La foto che parla per il film
Non basta fermare una scena. Per Fiorito la fotografia di scena deve mettere insieme tre cose: raccontare il film, mostrare i tecnici al lavoro (per far vedere l’artigianalità del set), e segnare il territorio dove si gira. Un obiettivo che si percepisce pagina dopo pagina. “Al momento giusto – racconta – bisogna trovare il luogo e il tempo per un colpo d’occhio che diventi uno scatto emblematico”. Anche se quella scena poi sparirà in montaggio, poco importa: conta la sintesi visiva del racconto.
Da pellicola a digitale: un mestiere che si trasforma
Fiorito ha cominciato quando la fotografia era ancora analogica. “Per spedire una foto si usava la telefoto. Sette minuti per una foto in bianco e nero, ventiquattro per il colore”, ricorda. Un’epoca in cui i fotografi di cronaca non portavano solo macchine e rullini, ma anche piccoli oggetti come un peluche: “Non si sa mai che ci fosse un incidente con bambini – spiega – si metteva il bambolotto vicino ai rottami”. Non era una finzione, ma un modo per accentuare il senso della scena.
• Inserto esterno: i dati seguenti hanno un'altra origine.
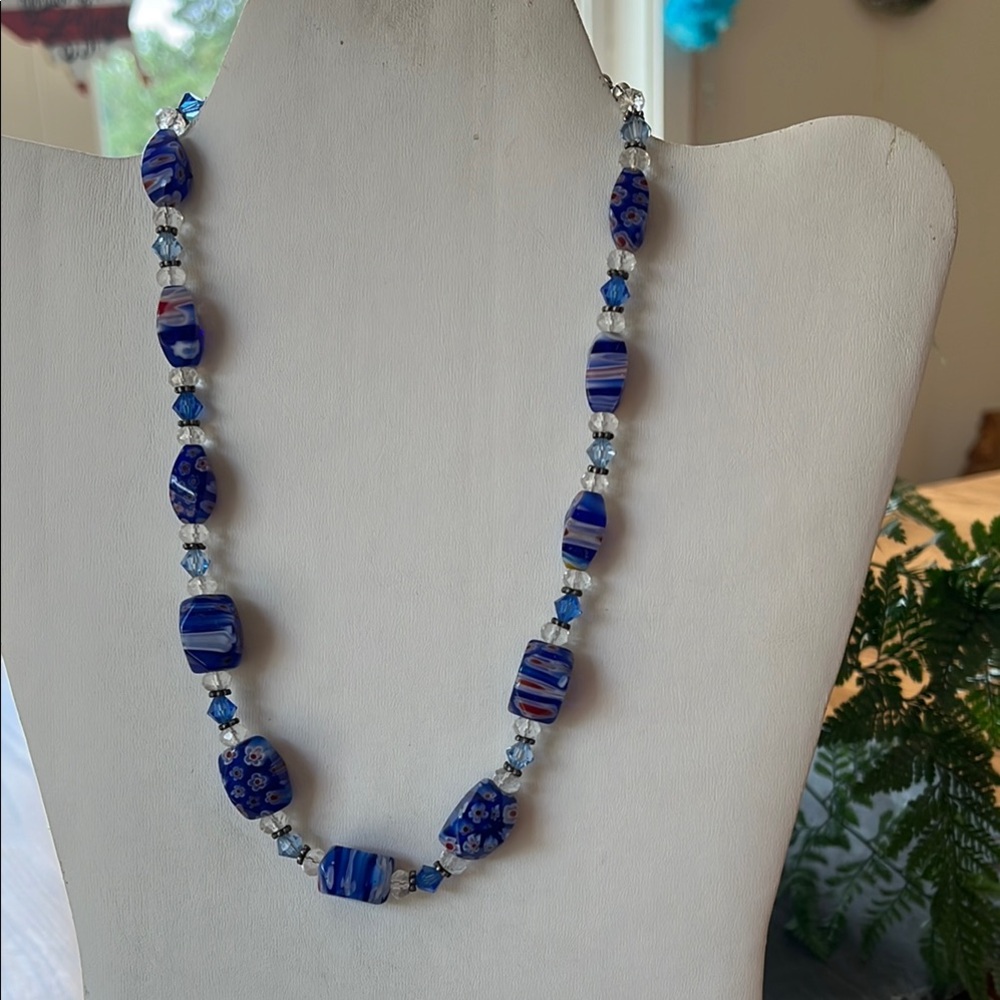 DOL Blue Millefiore Crystal Beaded Necklace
Oggi la tecnologia permette di creare immagini artificiali indistinguibili dal vero. Fiorito però insiste su un punto fondamentale: “L’etica del fotografo resta centrale”. Dietro ogni scatto deve esserci una testa, un’idea, un modo di raccontare. “Oggi è tutto un ta ta ta”, dice, facendo il rumore dello scatto digitale. Eppure lui preferisce le ore passate a osservare e a fare sopralluoghi, come per i lavori su manicomi, terremoti e camorra pubblicati su Repubblica, Espresso e testate estere.
L’etica prima di tutto
Nel libro torna spesso un concetto chiaro: l’etica è ciò che distingue una fotografia da una semplice immagine. Fiorito lo ripete più volte: “Dietro una foto ci deve essere un pensiero”. Non ama scorciatoie o superficialità, tipiche dei tempi moderni. “Le 5W del giornalismo – why, where, what, who, when – valgono anche per noi fotografi”, sottolinea.
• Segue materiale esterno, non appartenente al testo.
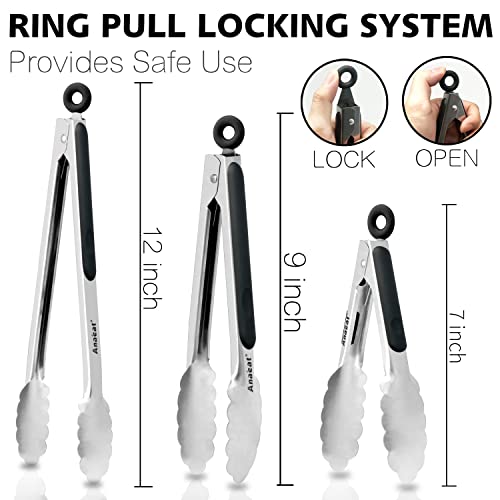 Premium Kitchen Locking Tong Set of 3 (7+9+12 Inch / 3 Pcs Stainless Steel - Black)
Selfie e identità: uno sguardo sul presente
Il libro si chiude con uno sguardo al presente. I selfie? “Un modo per evitare di accettarsi, per sfuggire alla differenza”, osserva Fiorito. Confessa di sentirsi spaesato davanti all’evoluzione dell’immagine nell’era digitale. In fondo, suggerisce tra le righe, la fotografia resta soprattutto un modo per capire chi siamo e dove stiamo andando.
“Lo sguardo attivo di Gianni Fiorito” non è solo un saggio tecnico o una raccolta di storie dal set. È piuttosto una mappa dell’Italia, vista con gli occhi di chi ha saputo restare dietro le quinte – ma sempre al centro della scena.